The weather was most promising for a good day for the airshow the next day and Taranaki stood proud and clear in the distance.
I was caught quite unawares by a pair of RAAF F/A-18 Hornets streaking low and fast down the coast, presumably as a rehearsal for the next day. The sun was moving considerably slower and so I caught that without trouble.
Next morning, show day, I was up early and on the road in the dark, soon after six. During the 37 km drive, the sun made its first appearance and revealed a ground mist which I feared might disrupt things. It didn’t.
Despite my early start, there were several hundred cars in the park ahead of me, and a couple of hundred camper-vans on site. We lined up waiting for the gates to open. The advertised time was 7 am, but they didn’t admit us until 0740. It was good to get access to the aircraft in the static displays with the sun at a low angle and relatively few people around compared with later in the day.
There were fighter aircraft from Australia (F/A-18), Singapore (F-15SG) and the USA (F-16). There were transport aircraft from the UK (A400M), France (CASA 235), Australia (C-17) and New Zealand (C-130), Japan (KC-767J) and the USA (KC-135, C-17).
We lined up for a look inside and I was mightily impressed by the vast cavernous fuselage of the C-17, and a little surprised at the exposed ducting in the roof.
Flying commenced at 10 am and I had missed a trick by not claiming a spot on the flightline. Nevertheless, the planes are big enough to make themselves seen.
Some of the earlier movements were simply logistics associated with the show. The RNZAF owns two converted Boeing 757 aircraft which are pressed into service as VIP transports. It’s relatively rare, outside of their home base, to see them both together.
Among the morning’s displays were a lot of “heavies” and one such flight was a formation flight involving one B757, one Lockheed P3C Orion and two C130 Hercules. They passed over Ruapehu which was sparking clear in the morning sun and then swung in from the South at which time the two C-130s peeled off.
Some historic aircraft were involved, and as well as the inevitable Spitfire there was a beautifully restored Grumman TBM Avenger.
One that I remember form my days in the Air Training Corps was the De Havilland DH104 Devon which was used in the RNZAF as a light transport and a Navigation trainer.
In the afternoon, came the fast movers which, in reality amounted to the USAF’s F-16 and the Australian F/A-18
The thunderous crackle of a fighter at full throttle is surely as effective as a bowl of prunes for curing certain ailments and I enjoyed the sheer power of the displays.

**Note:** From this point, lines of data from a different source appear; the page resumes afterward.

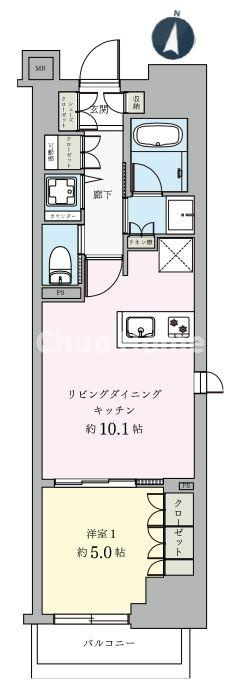 パレステージ新小岩ファストコートの間取り|6階部分・南向き・角部屋住戸につきまして日当たり・通風・眺望良好。新規リフォームマンション。安心のアフターサービス保証付きですのでご購入後も安心して暮らせます。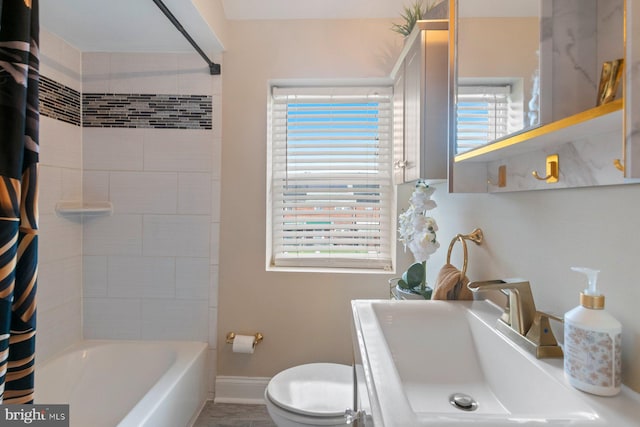 1317 Winston Ave, Baltimore, MD 21239 - full bathroom featuring shower / bath combo with shower curtain and vanity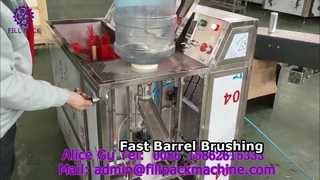 2147 जे5 क्रोएशिया सेमी-ऑटोमैटिक कैप रिमूवल डुअल-स्टेशन बैरल ब्रशिंग मशीन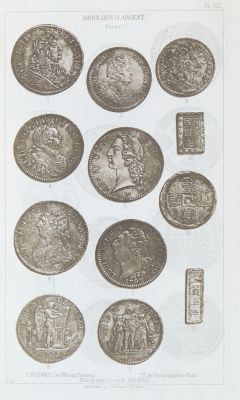 Monnaies d’argent PL VIII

While all this was happening, Mary , who has scant interest in airshows, walked from Himatangi Beach to Foxton Beach and back (a mere 22 km round trip). I got out before the end of the airshow because I have no real interest in formation aerobatics which was the final event.

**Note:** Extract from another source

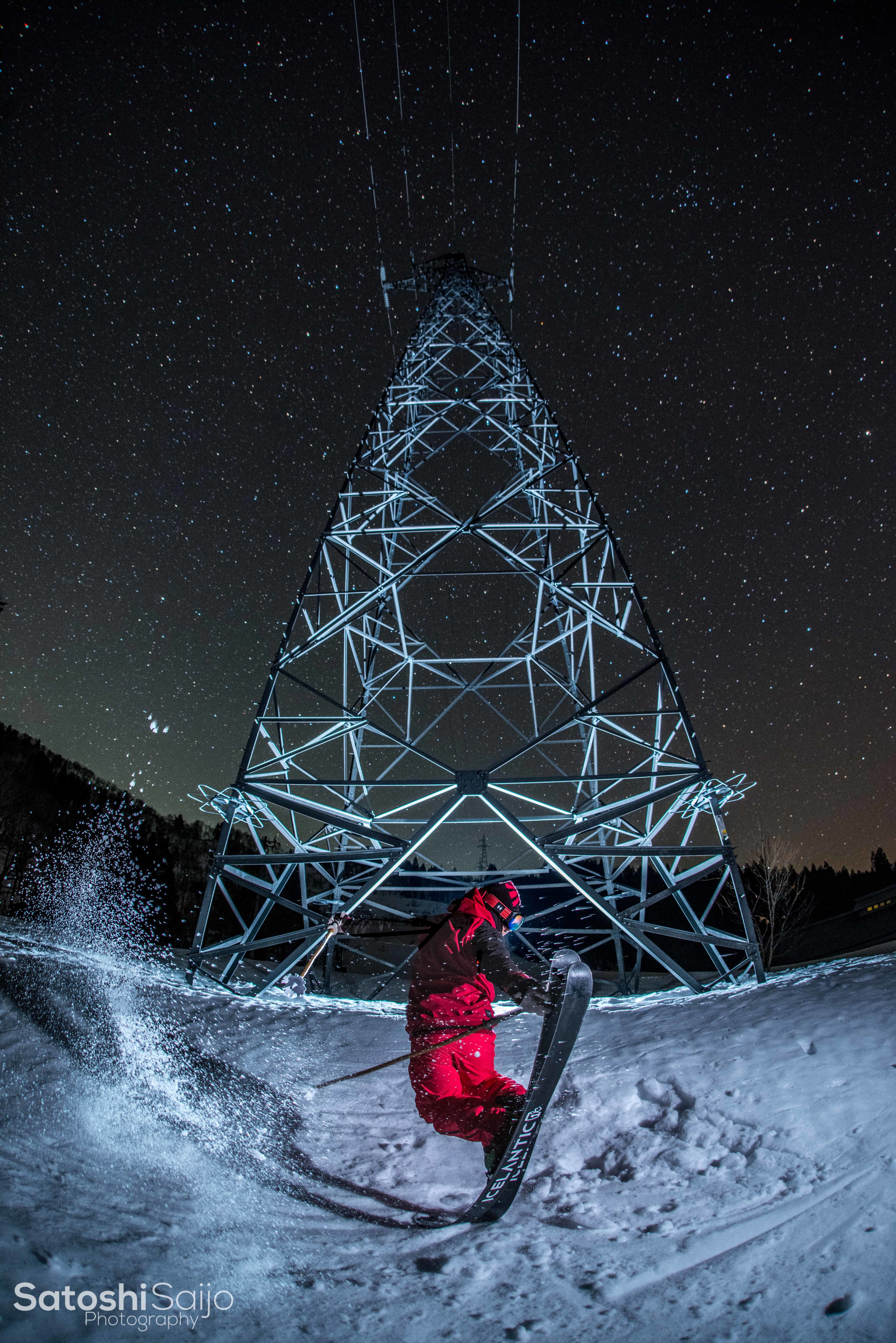 Nose press under the stars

Next day we spent enjoying the rural quiet apart from the distant thunder of the airshow’s second day in the distance, a mere 20 km away as the crow flies. We drove down to Foxton Beach where there was abundant birdlife on the sandbar. Oystercatchers, pied stilts, bar-tailed godwits, red-billed gulls, black-backed gulls, and lesser knots were all crowded into one small space.
Later in the day, Mary and I were walking and she spotted the nest of the Asian Paper Wasp, so of course I got up close and personal. I think, from the described behaviour, that this is the queen.
The next day, with all the airshow traffic having dissipated we made the leisurely drive back down SH1 to home, pausing for a shot of the Tararua Range near Levin.
Yesterday, officially the last day of what we have laughingly called “summer”, was perfect. I went for a wander to Pauatahanui and Queen Elizabeth Park.
The long-sought dabchick chicks were at last visible. As you can see the parents often carry the chicks nestled deep within their own plumage, but as the youngsters get older they become more independent and often branch out on their own.
My last shot in this extended edition, is possibly my best shot of the year to date. Two white-faced herons perched on a piece of driftwood, reflected in the mirror-calm waters. I am pleased with this.